▶ _What to do_
In the records below, repeat word for word only the lines starting at the one that contains "Plectania rhytidia" and ending at the one that contains "Bossier City: Cotton", pictures excluded.

▶ _Given data_
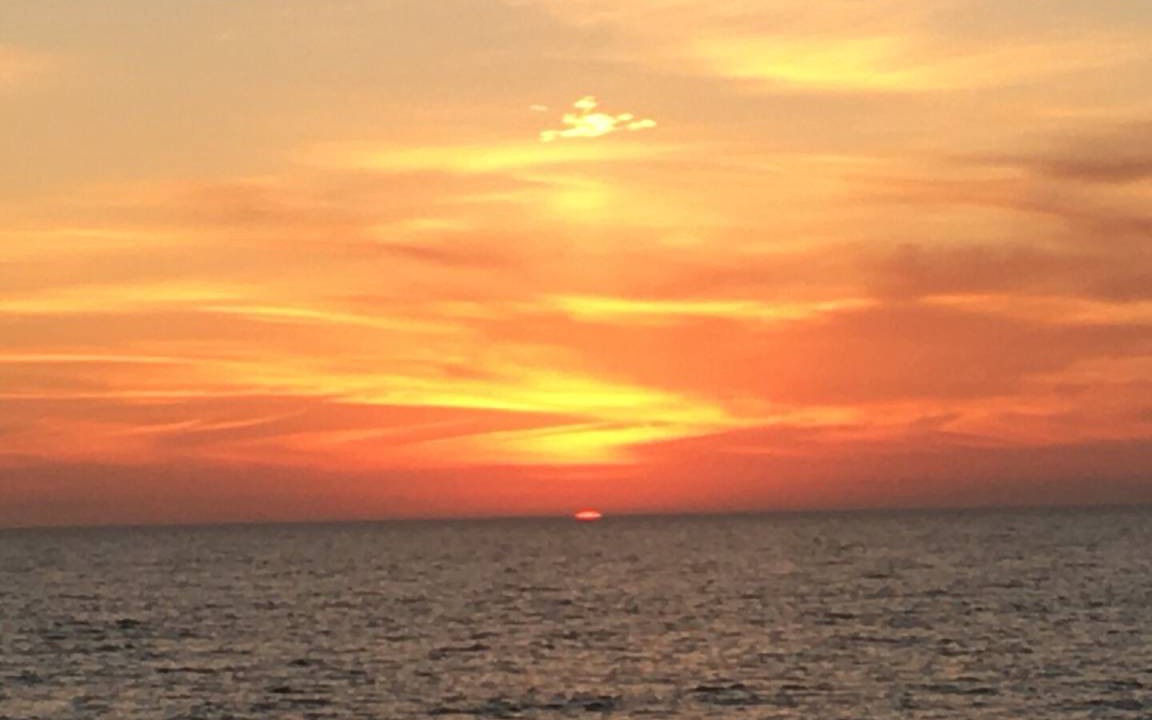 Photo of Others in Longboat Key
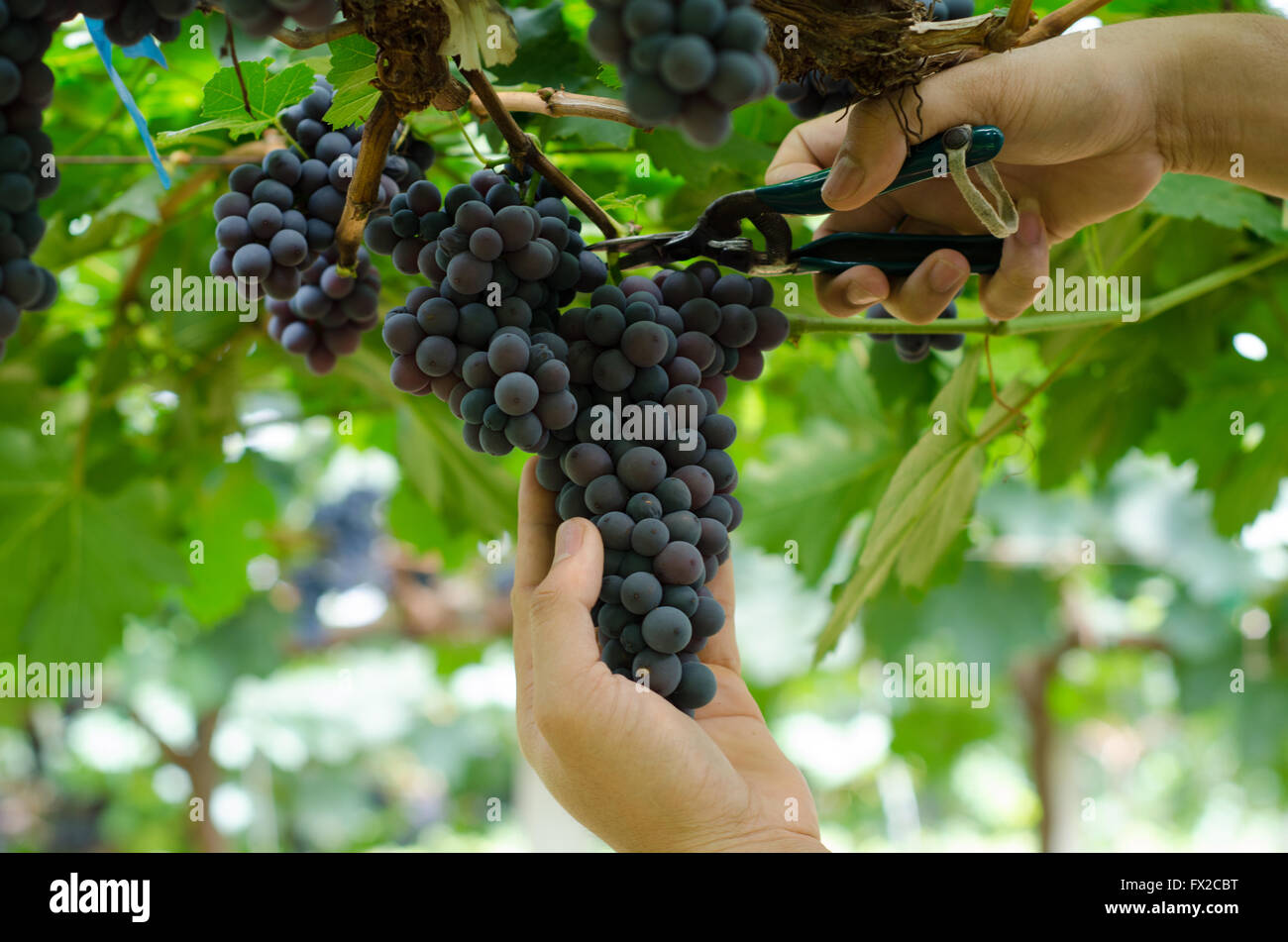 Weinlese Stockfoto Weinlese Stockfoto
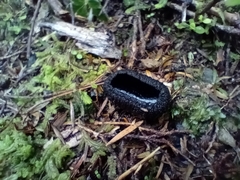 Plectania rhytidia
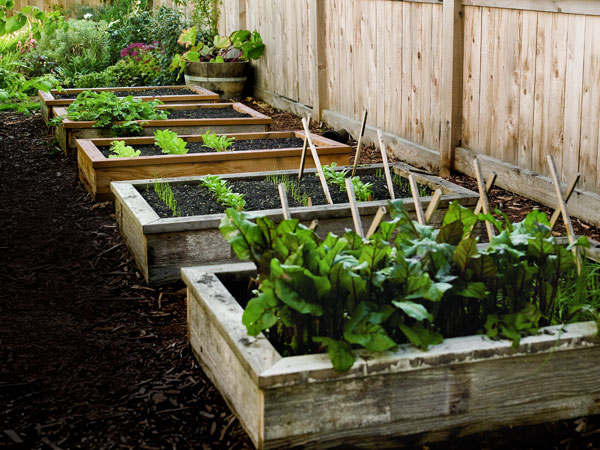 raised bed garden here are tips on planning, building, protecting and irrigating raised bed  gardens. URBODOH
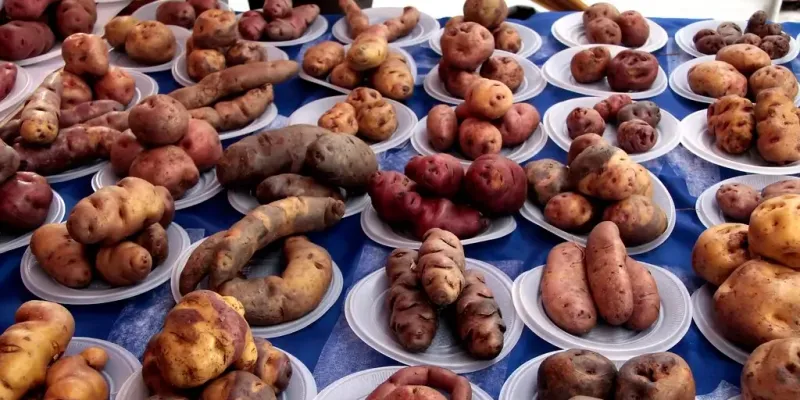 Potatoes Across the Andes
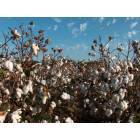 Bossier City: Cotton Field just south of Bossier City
* * *
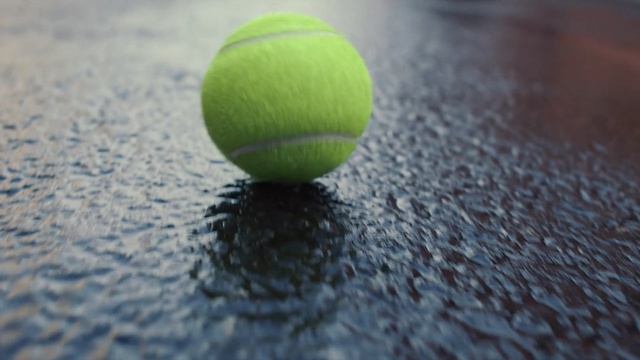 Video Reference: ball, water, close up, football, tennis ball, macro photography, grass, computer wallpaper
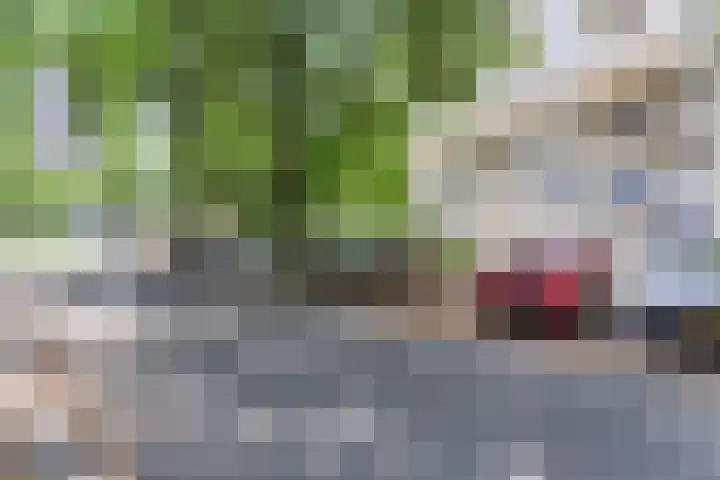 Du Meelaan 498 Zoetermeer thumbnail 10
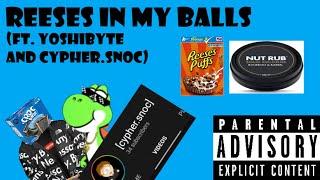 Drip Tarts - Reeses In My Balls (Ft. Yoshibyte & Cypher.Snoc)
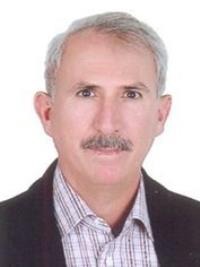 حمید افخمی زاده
--
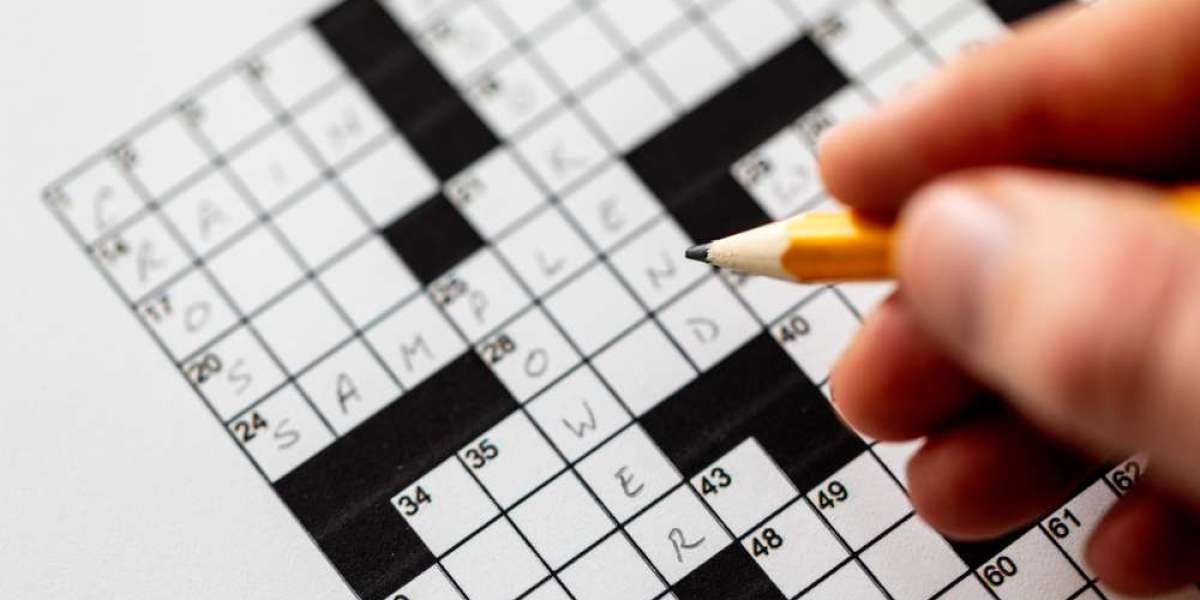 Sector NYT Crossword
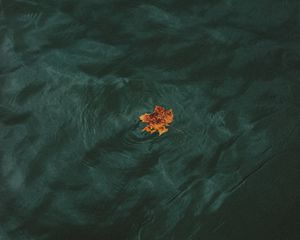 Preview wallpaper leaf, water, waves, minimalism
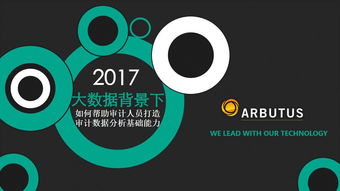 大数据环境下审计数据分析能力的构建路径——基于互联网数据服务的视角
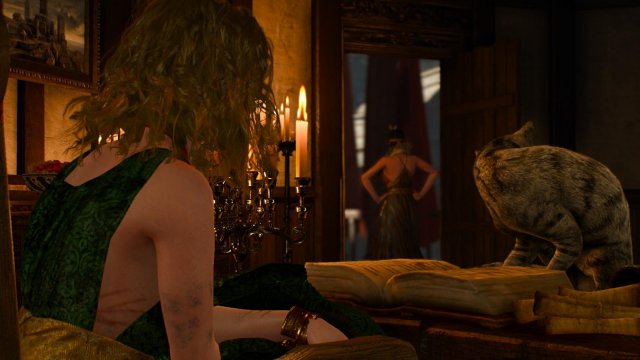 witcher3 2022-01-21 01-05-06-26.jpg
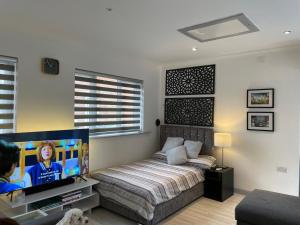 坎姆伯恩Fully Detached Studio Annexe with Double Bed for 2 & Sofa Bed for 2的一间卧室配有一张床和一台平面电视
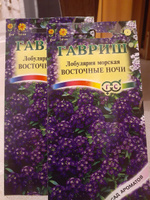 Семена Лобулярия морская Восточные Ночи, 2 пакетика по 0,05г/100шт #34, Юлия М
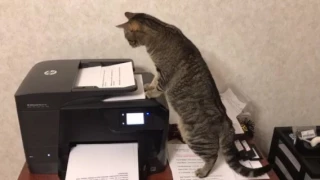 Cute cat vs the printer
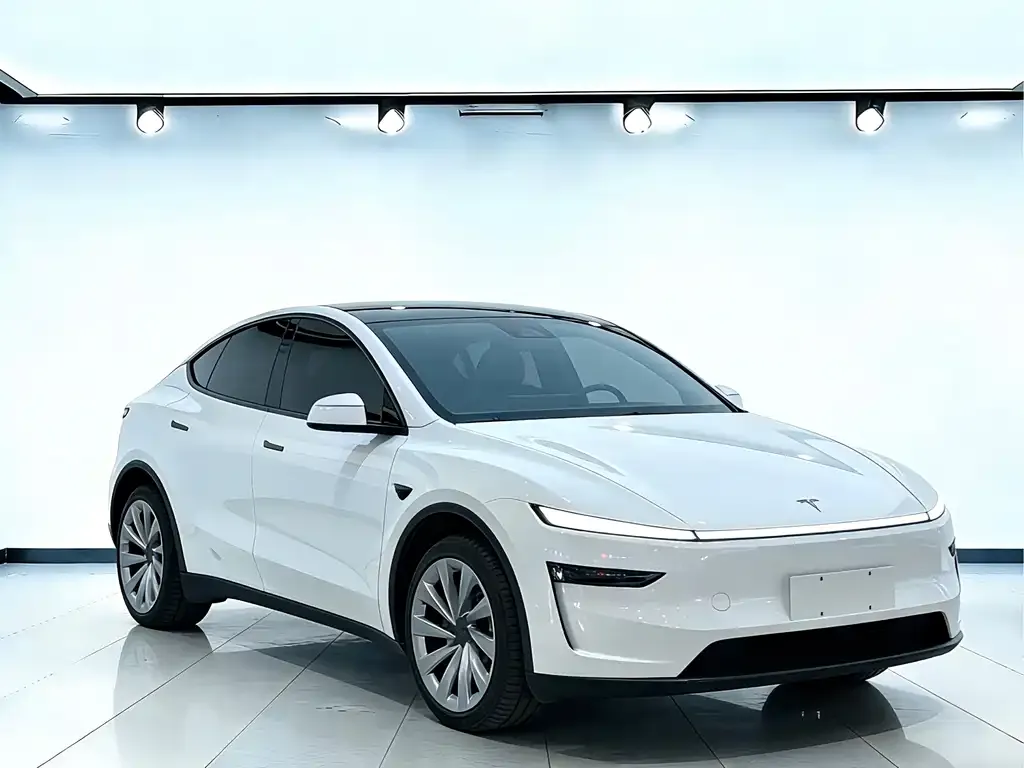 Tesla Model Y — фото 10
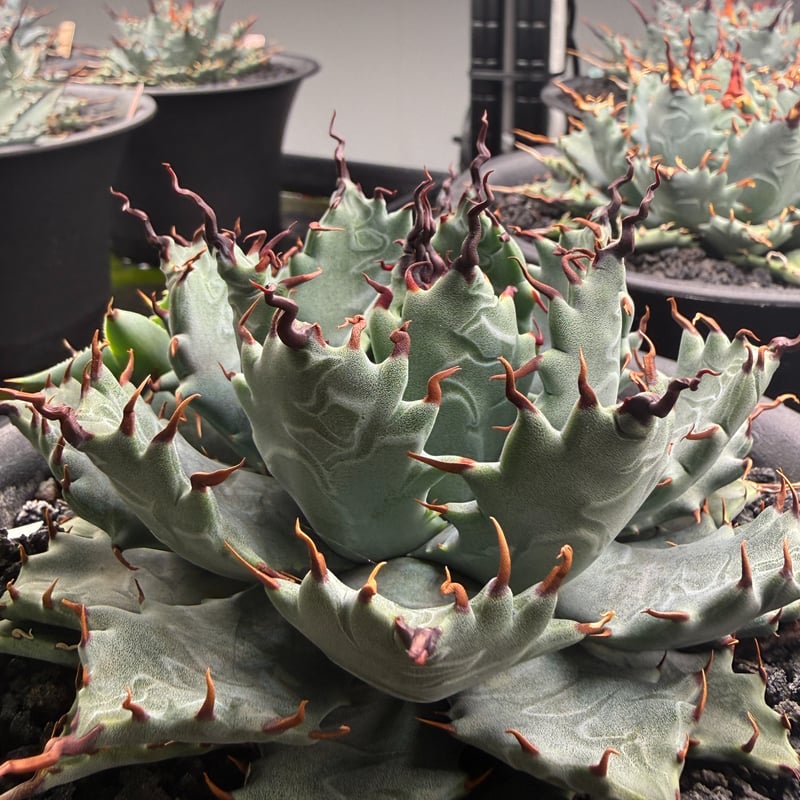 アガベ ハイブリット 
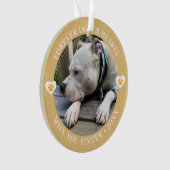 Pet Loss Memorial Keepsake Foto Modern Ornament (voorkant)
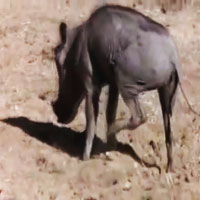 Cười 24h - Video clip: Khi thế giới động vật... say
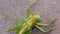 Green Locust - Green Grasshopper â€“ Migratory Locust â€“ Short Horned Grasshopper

▶ _Reply to the task_
 Plectania rhytidia
 raised bed garden here are tips on planning, building, protecting and irrigating raised bed  gardens. URBODOH
 Potatoes Across the Andes
 Bossier City: Cotton Field just south of Bossier City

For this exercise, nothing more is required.